The organization also brokers internships between employers and students, covering wages, insurance and mentorship costs. It worked with about 100 students in the Española area this year, up from only a handful last year.
The group had previously concentrated on Albuquerque and Santa Fe but shifted resources north after realizing rural communities with higher poverty rates often lacked the same work-based learning opportunities.
“We’re better positioned to help a market that needs it and doesn’t have those resources,” said Mike May, the nonprofit’s director of workforce learning.
The state launched a small pilot program this year to do something similar, he said, noting the nonprofit has submitted a response to the state Department of Workforce Solutions’ request for proposals.
While the value of bolstering mentorship and internship opportunities dominated the conversation, Juan Andres Maestas, an Española Valley graduate headed to New Mexico Institute of Mining and Technology, brought it back to educational programs.
His internship with Española Gloveworks — a nonprofit that develops technology for people with Parkinson’s disease — showed him students can combine entrepreneurship with service, he said.

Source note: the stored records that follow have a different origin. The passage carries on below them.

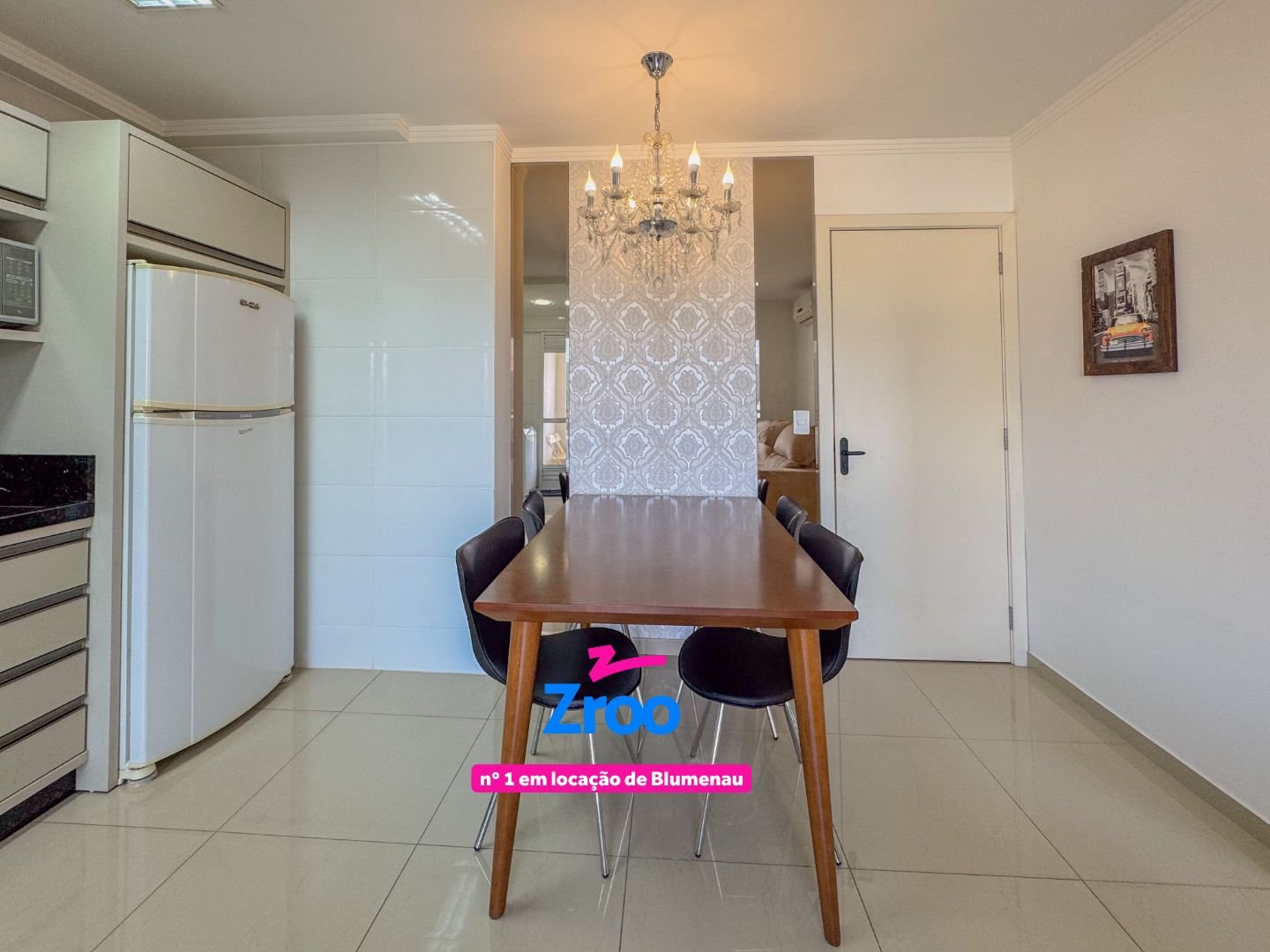 Apartamento em Água Verde, Blumenau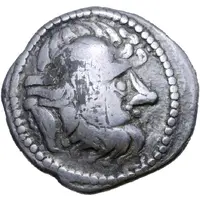 Tetradrachm Kapostal Type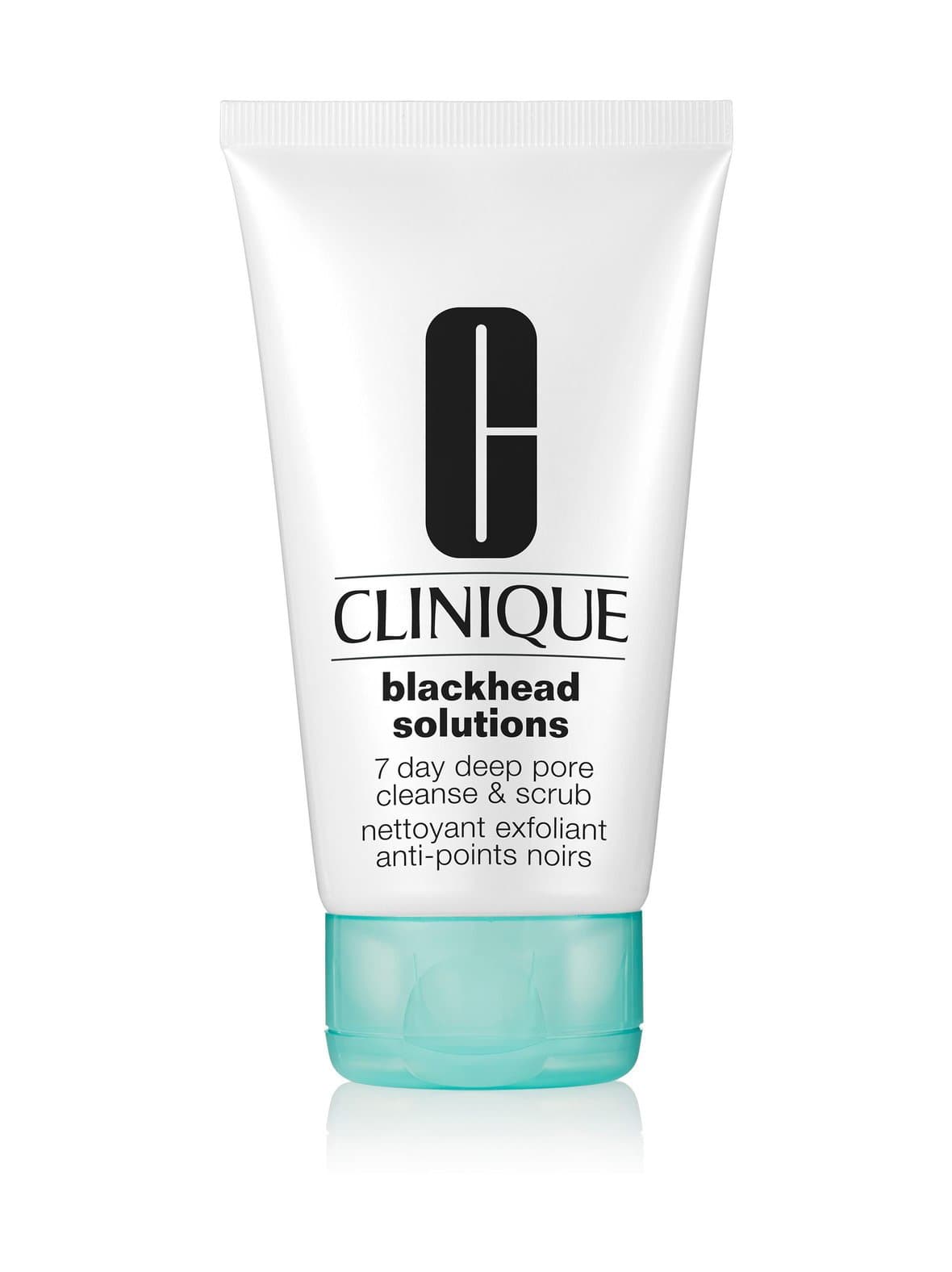 Clinique blackhead solutions 7 day deep pore cleanse & scrub -puhdistusaine 125 ml – Clinique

“It’s also helped students see … that they can help people they know,” he said. “And then it also helps the elders of our community see that our youth are willing and very capable of helping and making an impact.”
He urged the state to preserve trades programs. Other students argued arts programs deserve the same support.
But, amid budget constraints, arts and trades are “the first things to go,” said McCurdy Charter School Director Sarah Tario, one of a few school leaders who sat in on the presentation.
“I think that first and foremost we really need to listen to our kids,” she said. “They know what the formula is to improve education, and we need to do our best to take that into consideration as we’re making programs.”